## [DATA PROVIDED]

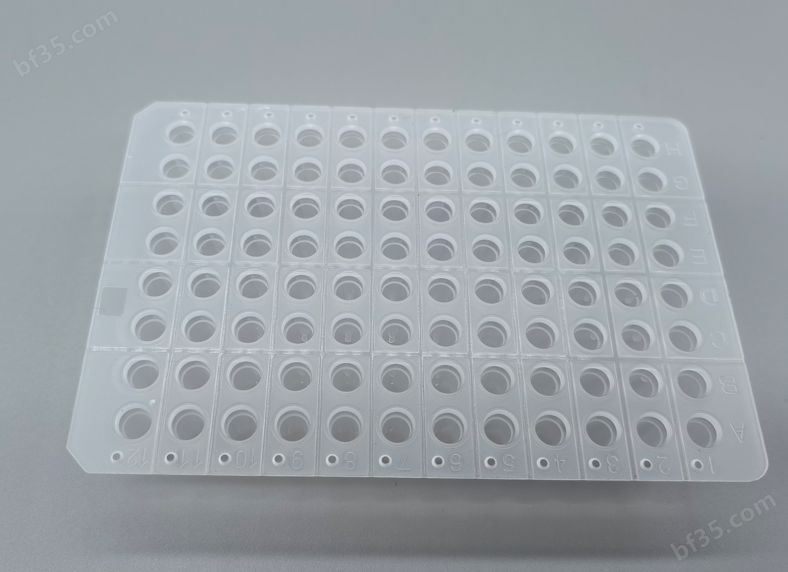供应96孔PCR板厂家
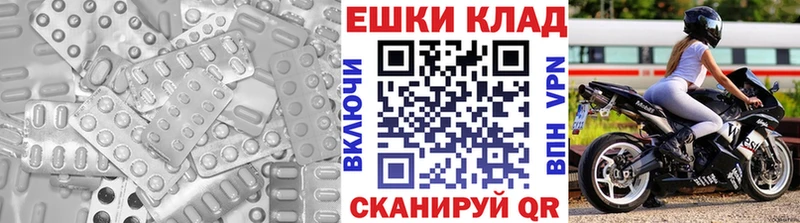 Ecstasy Cube  Туапсе 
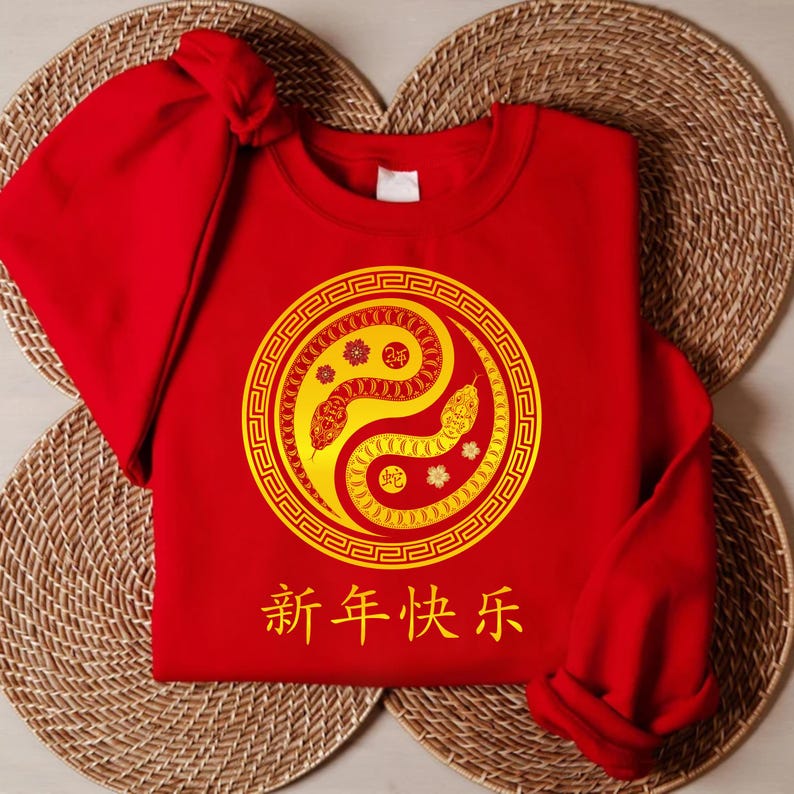 Year of the Snake Sweatshirt, 2025 Chinese New Year Sweatshirt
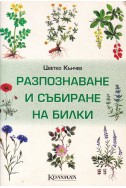 Разпознаване и събиране на билки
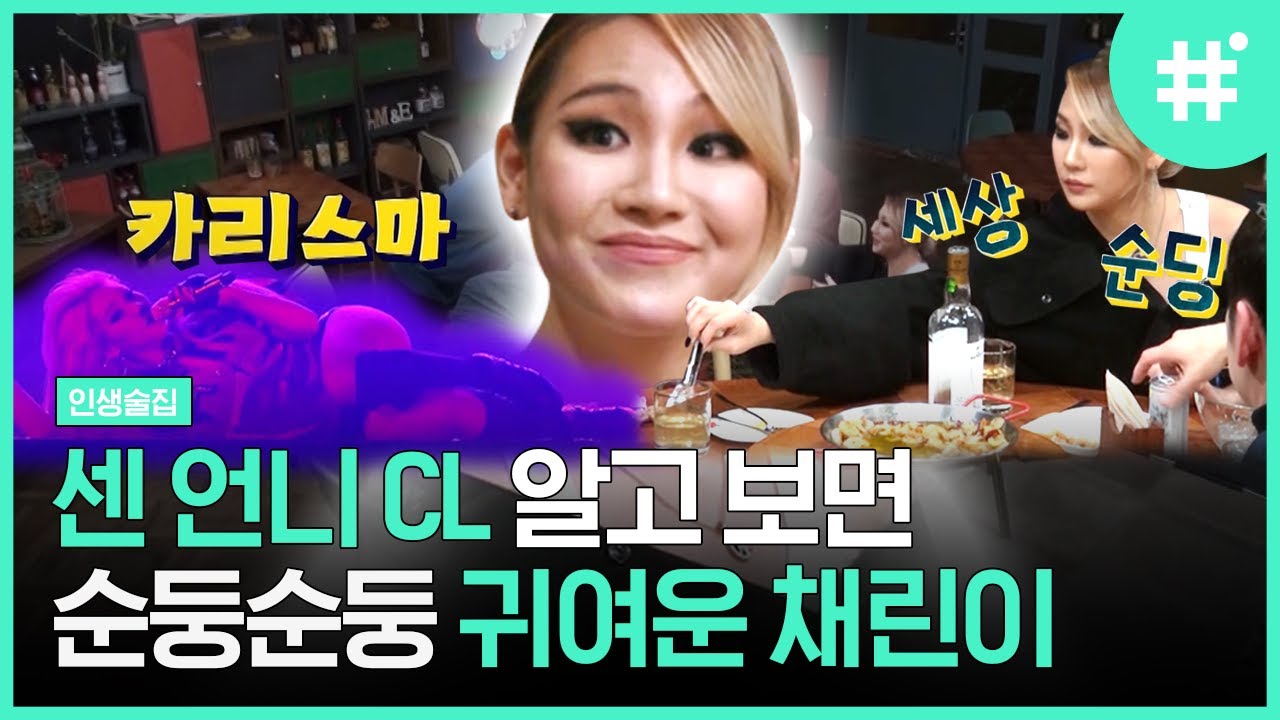 무대 위 카리스마 CL VS 순둥보스 이채린 갭차이 쩌는 겉바속촉 모먼트🌸 ???: 야야! 무서운 사람 아니야!😲 | #인생술집 #샾잉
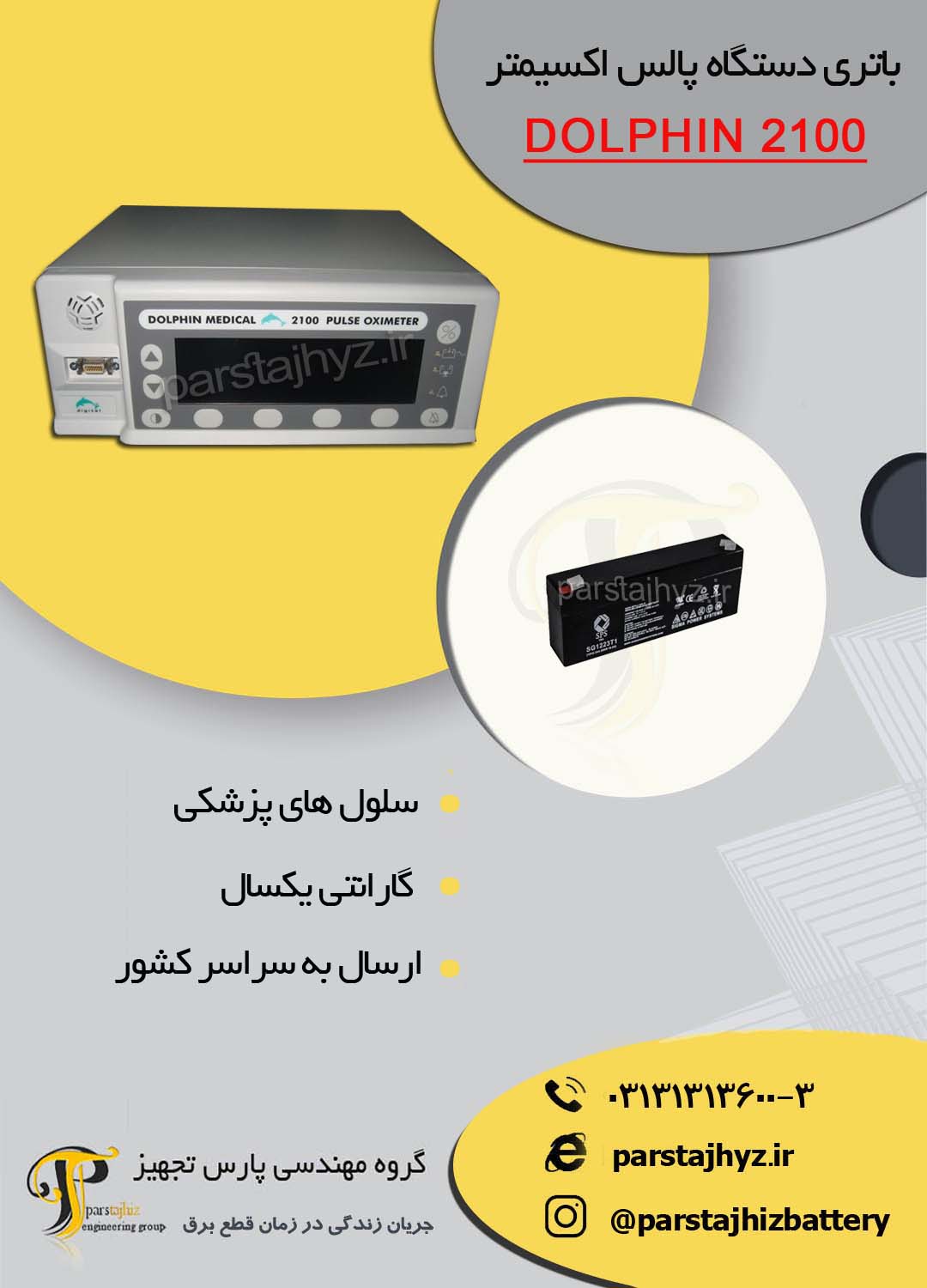 64aea6de22ba7-باتری دستگاه پالس اکسی متر دلفین 2100.jpg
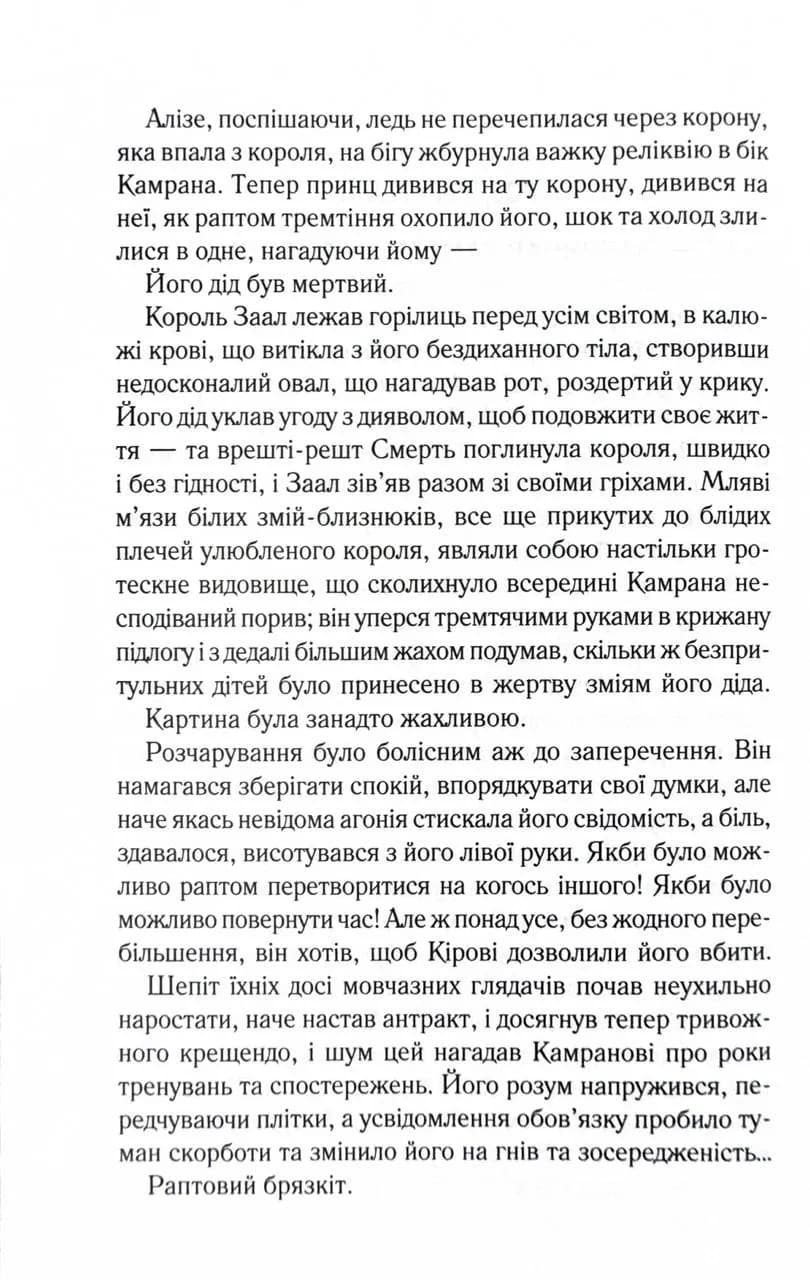 Ці нерозривні зв'язки. Книга 2 (Це зіткане королівство) — мініатюра 3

## [AIM OF THE TASK]
The listing is to be reproduced in full and exactly, except that its pictures are to be dropped.

## [EXERCISE RESPONSE]
供应96孔PCR板厂家
 Ecstasy Cube  Туапсе 
 Year of the Snake Sweatshirt, 2025 Chinese New Year Sweatshirt
 Разпознаване и събиране на билки
 무대 위 카리스마 CL VS 순둥보스 이채린 갭차이 쩌는 겉바속촉 모먼트🌸 ???: 야야! 무서운 사람 아니야!😲 | #인생술집 #샾잉
 64aea6de22ba7-باتری دستگاه پالس اکسی متر دلفین 2100.jpg
 Ці нерозривні зв'язки. Книга 2 (Це зіткане королівство) — мініатюра 3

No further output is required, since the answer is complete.